§ RECORDS PROVIDED:
☆ ☆ ☆ ☆ ☆ ☆ ☆

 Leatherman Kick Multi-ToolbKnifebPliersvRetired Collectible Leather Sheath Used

☆ ☆ ☆ ☆ ☆ ☆ ☆

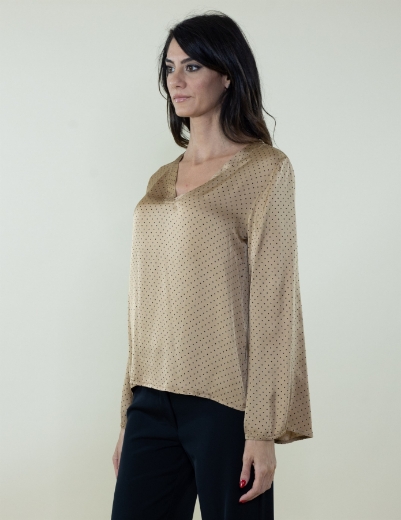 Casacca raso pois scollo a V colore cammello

☆ ☆ ☆ ☆ ☆ ☆ ☆

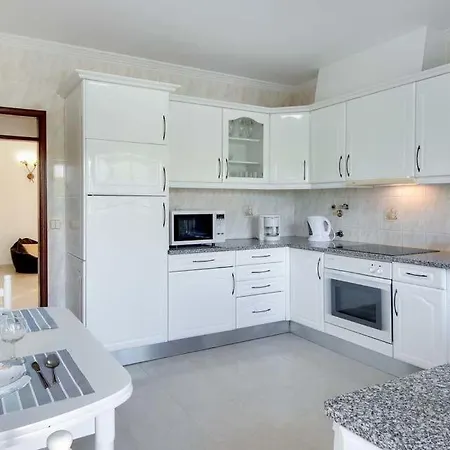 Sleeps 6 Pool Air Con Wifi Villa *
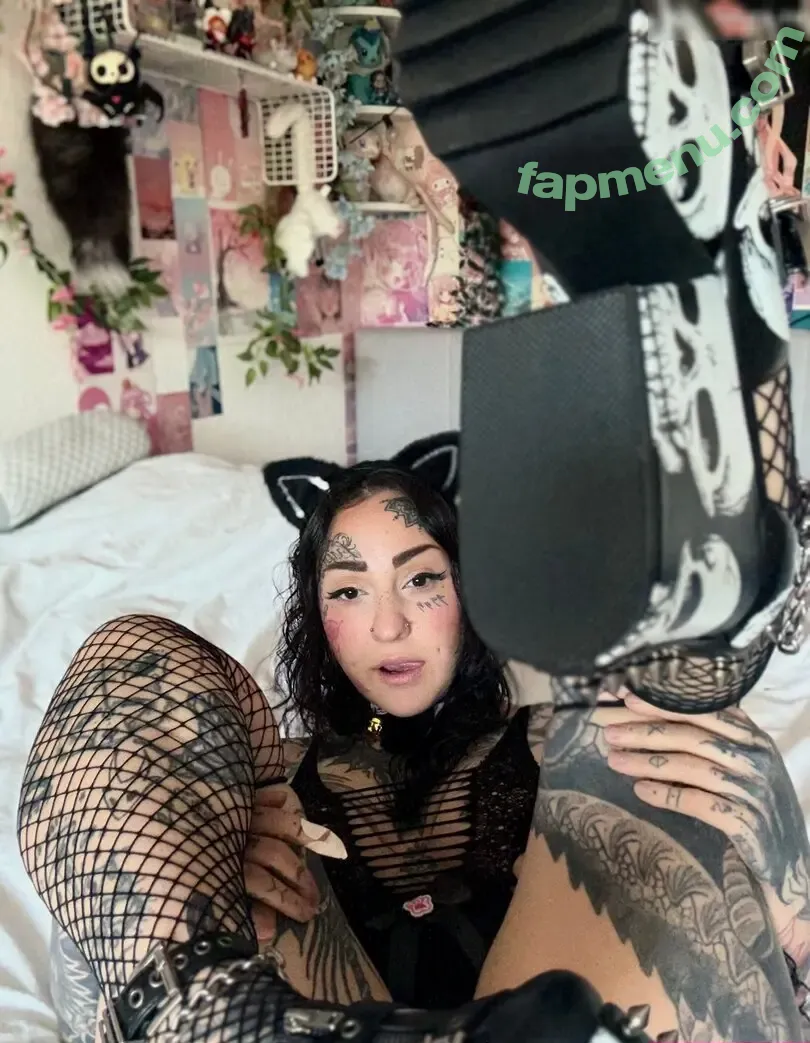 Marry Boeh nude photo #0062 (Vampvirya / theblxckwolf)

☆ ☆ ☆ ☆ ☆ ☆ ☆

§ WHAT IS NEEDED:
Copy exactly the material above from the line with "Sleeps 6 Pool Air Con Wifi Villa *" to the line with "Marry Boeh nude", ends included, and nothing else. Leave out any picture.

§ REPLY:
 Sleeps 6 Pool Air Con Wifi Villa *
 Marry Boeh nude photo #0062 (Vampvirya / theblxckwolf)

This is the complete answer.